Many senators hemmed and hawed about the nature of the bill, and its significance.
'The purpose is not solely religious,' Sen. J. Adam Bass, R-Bossier City, told the Senate. Rather, it is the Ten Commandments' 'historical significance, which is simply one of many documents that display the history of our country and foundation of our legal system.'
However, the bill's author - the honorable, absolutely based, Senator Dodie Horton - didn't pull her punches:
'I'm not concerned with an atheist. I'm not concerned with a Muslim,' she said when asked about teachers who might not subscribe to the Ten Commandments. 'I'm concerned with our children looking and seeing what God's law is.'
The Left is all pumped up about the court cases that will throw this law out, but I suspect they may be on the losing side of that fight.
Here's why.
The moral decay of U.S. schools can be traced to a series of Supreme Court cases starting in 1962 with Engel v. Vitale (1962), where they ended prayer in public schools. That case was followed by Lemon v. Kurtzman (1971), which created the Lemon test of whether a state action was sufficiently separate from religion or violated the First Amendment's establishment of religion clause.
The Lemon Test was used to undermine Christianity in public schools at every turn, and only Christianity (but that's a whole different article).
One relevant example to the Louisiana bill is Stone v.
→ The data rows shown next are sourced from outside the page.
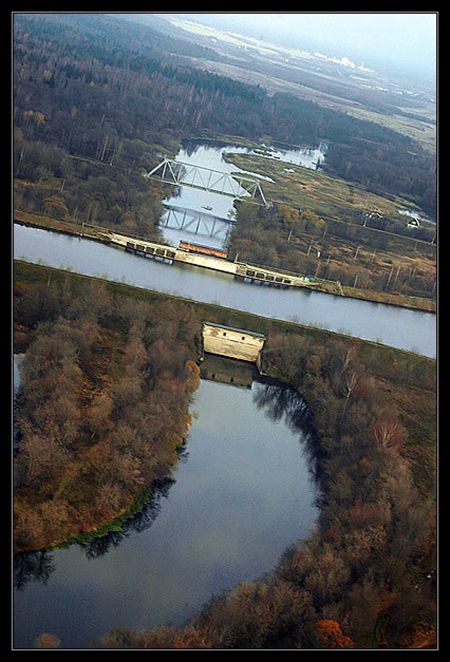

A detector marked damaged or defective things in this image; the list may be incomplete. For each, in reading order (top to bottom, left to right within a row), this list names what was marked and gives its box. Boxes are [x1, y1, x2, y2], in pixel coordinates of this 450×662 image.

rusty metal framework [144, 158, 268, 205]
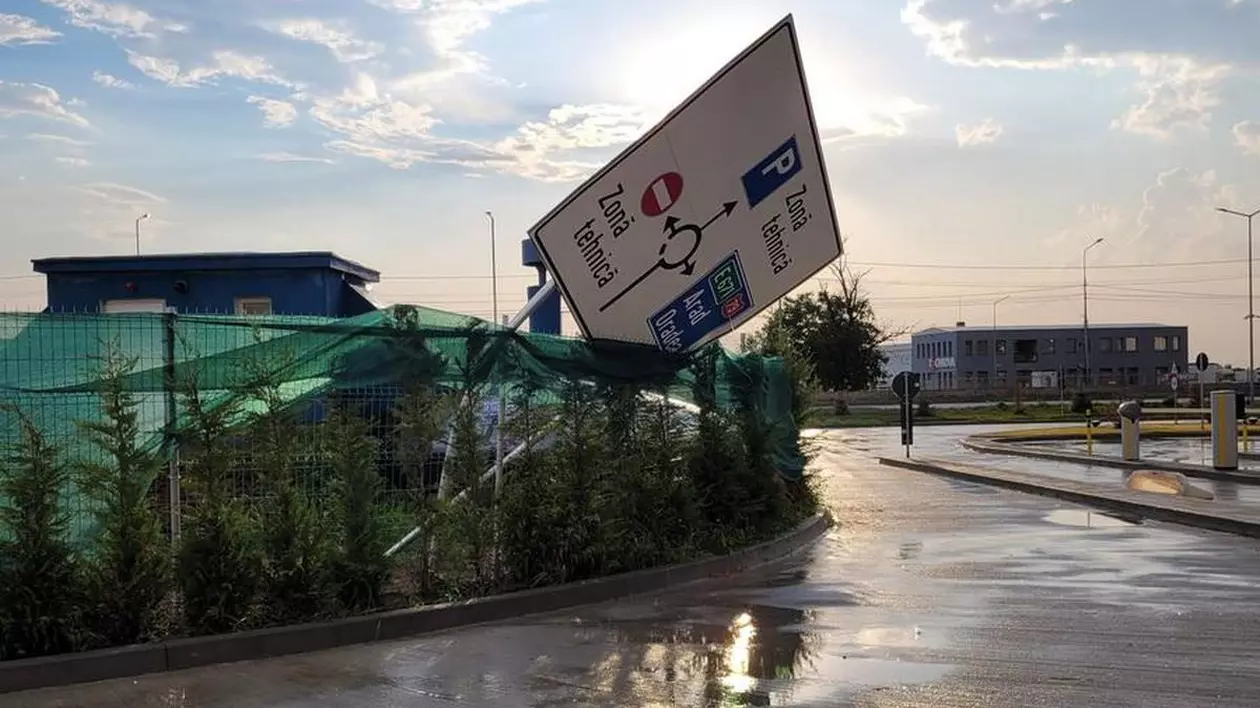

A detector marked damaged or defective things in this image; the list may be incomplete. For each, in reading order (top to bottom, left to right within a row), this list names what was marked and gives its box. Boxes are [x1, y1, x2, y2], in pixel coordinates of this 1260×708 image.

bent metal sign pole [526, 13, 841, 350]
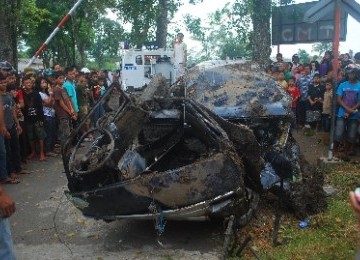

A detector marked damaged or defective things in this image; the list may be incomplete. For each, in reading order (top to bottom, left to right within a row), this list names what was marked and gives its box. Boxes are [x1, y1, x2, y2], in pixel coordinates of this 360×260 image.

overturned vehicle [63, 60, 324, 223]
mangled car interior [63, 60, 324, 230]
crushed car body [62, 60, 326, 223]
wrecked car [62, 61, 326, 225]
Graham (1980), in which the Supreme Court used the Lemon Test to decide that the Ten Commandments could not be displayed in public school classrooms.
And if that were the end of the story, then the Left would win. (They certainly have for the last 60 years).
However, in a recent case we've covered in depth, the Supreme Court blasted the Lemon Test.
In Kennedy vs. Bremerton School District (2022), Justice Gorsuch wrote,
But — given the apparent "shortcomings" associated with Lemon's 'ambitiou[s],' abstract, and ahistorical approach to the Establishment Clause — this Court long ago abandoned Lemon and its endorsement test offshoot.
In place of Lemon and the endorsement test, this Court has instructed that the Establishment Clause must be interpreted by ‘reference to historical practices and understandings.'
And in her dissent, Justice Sotomayor wrote,
Today's decision goes beyond merely misreading the record. The Court overrules Lemon v. Kurtzman (1971), and calls into question decades of subsequent precedents that it deems "offshoot[s]" of that decision.
While the majority did not go so far as to directly overrule Lemon, it would be difficult to not read this as the introduction of a new establishment test, one based on history and tradition.
Historically and traditionally, at the time of the writing of the First Amendment, the Ten Commandments would have been on every classroom wall, the Bible would have been read in schools, and teachers and students would have prayed during class time.
Lord willing, Louisiana's testing of the waters will prove an able fortification for the fight ahead.